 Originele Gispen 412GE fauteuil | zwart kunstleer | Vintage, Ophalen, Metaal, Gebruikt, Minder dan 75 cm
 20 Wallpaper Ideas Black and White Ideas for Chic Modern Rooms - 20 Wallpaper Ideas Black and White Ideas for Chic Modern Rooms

◇ ◇ ◇ ◇

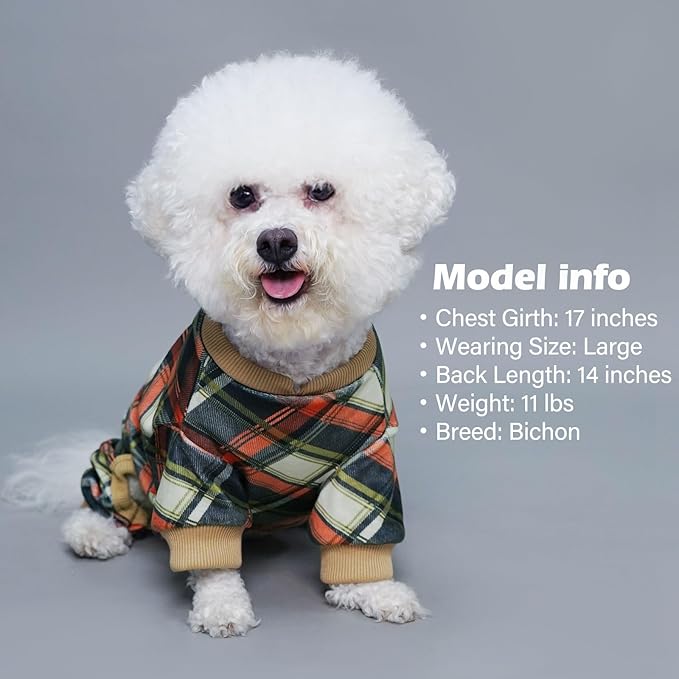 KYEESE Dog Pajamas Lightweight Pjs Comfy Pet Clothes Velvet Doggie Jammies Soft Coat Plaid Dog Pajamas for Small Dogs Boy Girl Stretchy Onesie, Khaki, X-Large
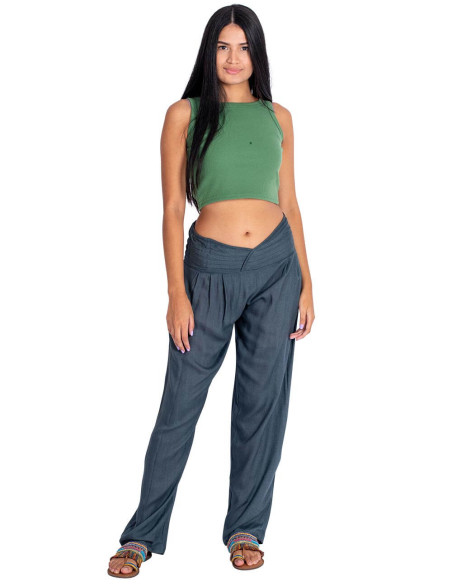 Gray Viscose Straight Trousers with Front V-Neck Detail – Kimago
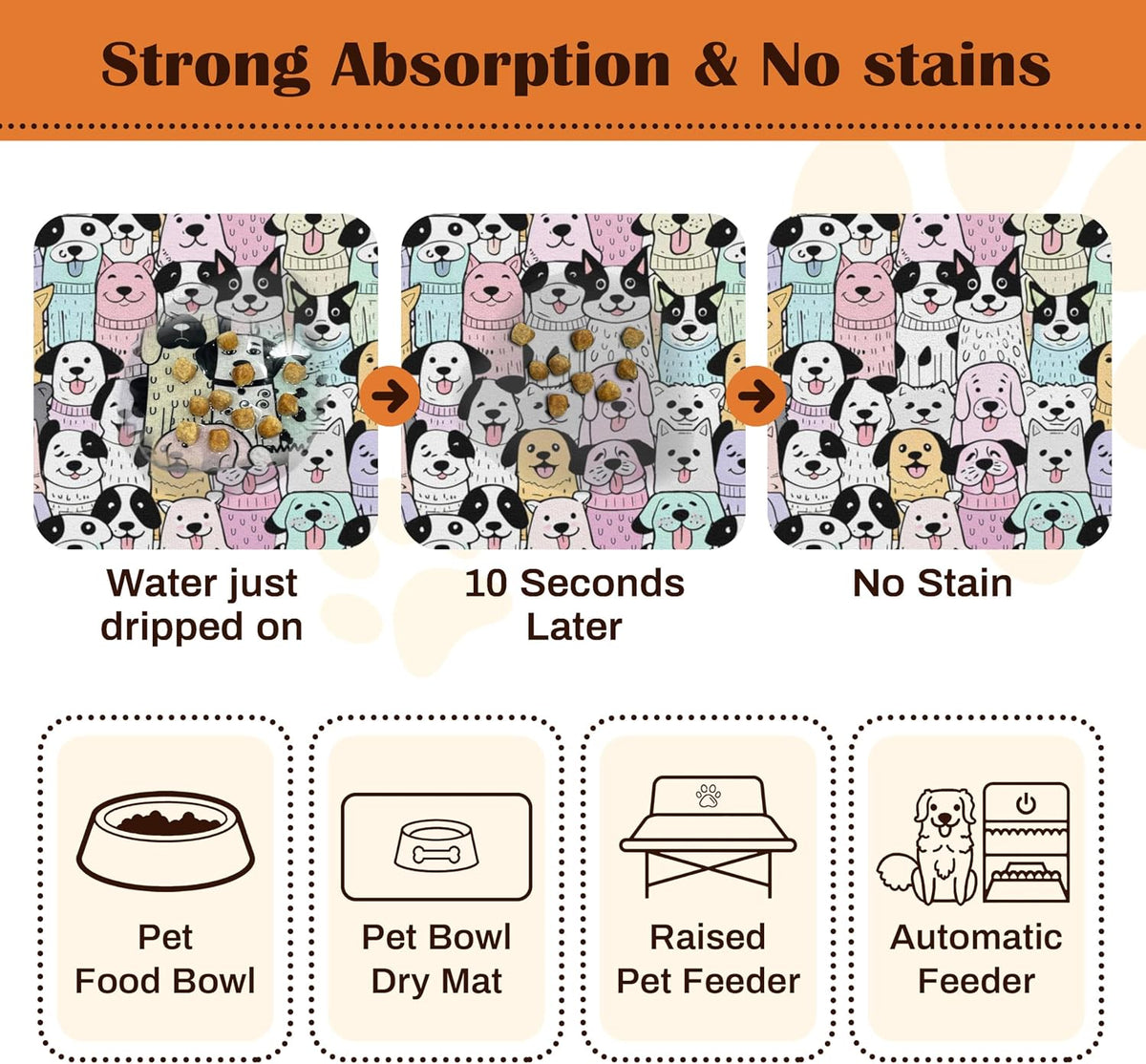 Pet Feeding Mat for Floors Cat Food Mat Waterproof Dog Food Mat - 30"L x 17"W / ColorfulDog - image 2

◇ ◇ ◇ ◇

ABOUT THIS TASK — Print exactly the lines above from the one with "Originele Gispen 412GE" to the one with "- 20 Wallpaper", including both.

EXERCISE RESPONSE —
 Originele Gispen 412GE fauteuil | zwart kunstleer | Vintage, Ophalen, Metaal, Gebruikt, Minder dan 75 cm
 20 Wallpaper Ideas Black and White Ideas for Chic Modern Rooms - 20 Wallpaper Ideas Black and White Ideas for Chic Modern Rooms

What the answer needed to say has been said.